On 6/23/25 19:16, Sean Anderson wrote:
> On 6/23/25 18:45, Andrew Lunn wrote:
>> On Mon, Jun 23, 2025 at 02:48:53PM -0400, Sean Anderson wrote:
>>> On 6/23/25 14:27, Andrew Lunn wrote:
>>> > On Mon, Jun 23, 2025 at 11:16:08AM -0400, Sean Anderson wrote:
>>> >> On 6/21/25 03:33, Andrew Lunn wrote:
>>> >> > On Thu, Jun 19, 2025 at 04:05:37PM -0400, Sean Anderson wrote:
>>> >> >> Returning EPROBE_DEFER after probing a bus may result in an infinite
>>> >> >> probe loop if the EPROBE_DEFER error is never resolved.
>>> >> > 
>>> >> > That sounds like a core problem. I also thought there was a time
>>> >> > limit, how long the system will repeat probes for drivers which defer.
>>> >> > 
>>> >> > This seems like the wrong fix to me.
>>> >> 
>>> >> I agree. My first attempt to fix this did so by ignoring deferred probes
>>> >> from child devices, which would prevent "recursive" loops like this one
>>> >> [1]. But I was informed that failing with EPROBE_DEFER after creating a
>>> >> bus was not allowed at all, hence this patch.
>>> > 
>>> > O.K. So why not change the order so that you know you have all the
>>> > needed dependencies before registering the MDIO bus?
>>> > 
>>> > Quoting your previous email:
>>> > 
>>> >> Returning EPROBE_DEFER after probing a bus may result in an infinite
>>> >> probe loop if the EPROBE_DEFER error is never resolved.
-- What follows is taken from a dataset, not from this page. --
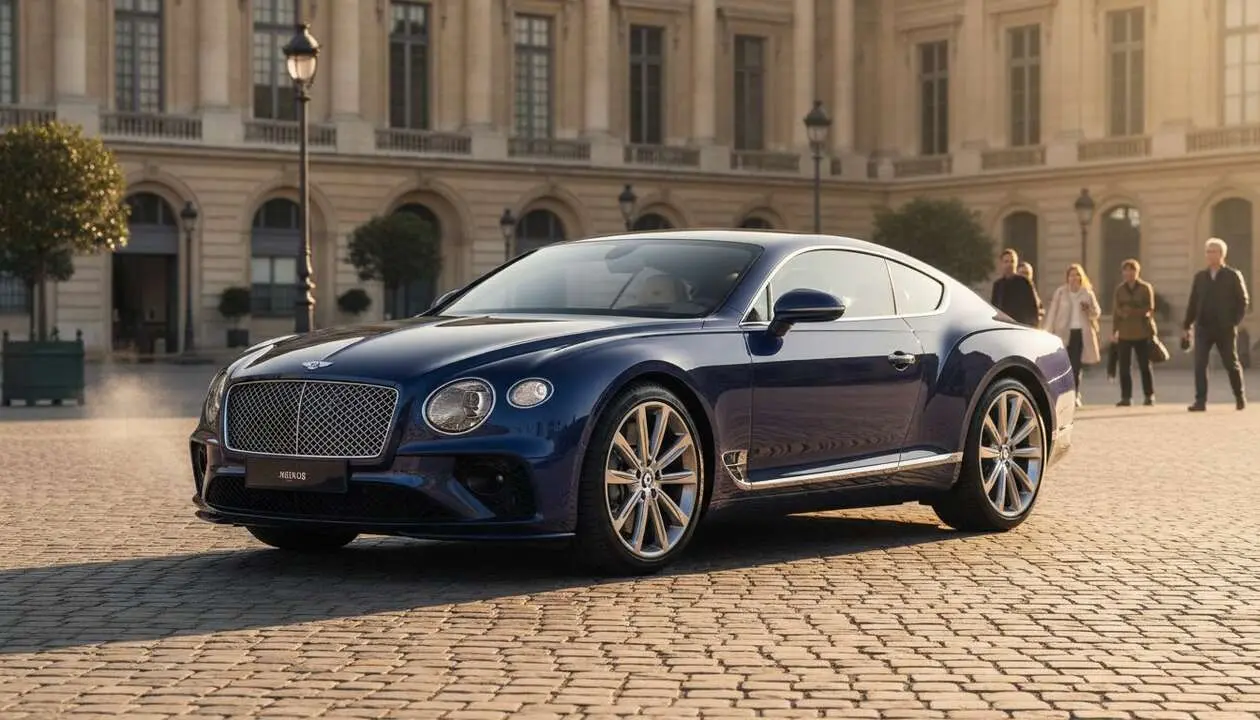  Bentley Continental GT en exhibici&oacute;n mostrando su dise&ntilde;o de lujo y potencia excepcional para amantes de coches exclusivos &mdash; Imagen generada por IA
For example,
>>> >> if the PCS is located on another MDIO bus and that MDIO bus is
>>> >> missing its driver then we will always return EPROBE_DEFER.
>>> > 
>>> > Why not get a reference on the PCS device before registering the MDIO
>>> > bus?
>>> 
>>> Because the PCS may be on the MDIO bus. This is probably the most-common
>>> case.
>> 
>> So you are saying the PCS is physically there, but the driver is
>> missing because of configuration errors? Then it sounds like a kconfig
>> issue?
>> 
>> Or are you saying the driver has been built but then removed from
>> /lib/modules/
> 
> The latter. Or maybe someone just forgot to install it (or include it
> with their initramfs). Or maybe there was some error with the MDIO bus.
> 
> There are two mutually-exclusive scenarios (that can both occur in the
> same system). First, the PCS can be attached to our own MDIO bus:
> 
> MAC
>  |
>  +->MDIO
>      |
>      +->PCS
>      +->PHY (etc)
> 
> In this scenario, we have to probe the MDIO bus before we can look up
> the PCS, since otherwise the PCS will always be missing when we look for
> it. But if we do things in the right order then we can't get
> EPROBE_DEFER, and so there's no risk of a probe loop.
> 
> Second, the PCS can be attached to some other MDIO bus:
> 
> MAC              MDIO
>  |                 |
>  +->MDIO           +->PCS
>       |
>       +->PHY (etc)
> 
> In this scenario, the MDIO bus might not be present for whatever reason
> and we have the possibility of an EPROBE_DEFER error. If that happens,
> we will end up in a probe loop because the PHY on the MDIO bus
> incremented deferred_trigger_count when it probed successfully:
> 
> deferred_probe_work_func()
>   driver_probe_device(MAC)
>     axienet_probe(MAC)
>       mdiobus_register(MDIO)
>         device_add(PHY)
>           (probe successful)
>           driver_bound(PHY)
>             driver_deferred_probe_trigger()
>       return -EPROBE_DEFER
>     driver_deferred_probe_add(MAC)
>     // deferred_trigger_count changed, so...
>     driver_deferred_probe_trigger()

Does the above scenario make sense? As I see it, the only approaches are

- Modify the driver core to detect and mitigate this sort of scenario
  (NACKed by Greg).
- Split the driver into MAC and MDIO parts (this patch).
- Modify phylink to allow connecting a PCS after phylink_create but
  before phylink_start. This is tricky because the PCS can affect the
  supported phy interfaces, and phy interfaces are validated in
  phylink_create.
- Defer phylink_create to ndo_open. This means that all the
  netdev/ethtool ops that use phylink now need to check ip the netdev is
  open and fall back to some other implementation. I don't think we can
  just return -EINVAL or whatever because using ethtool on a down device
  has historically worked. I am wary of breaking userspace because some
  tool assumes it can get_ksettings while the netdev is down.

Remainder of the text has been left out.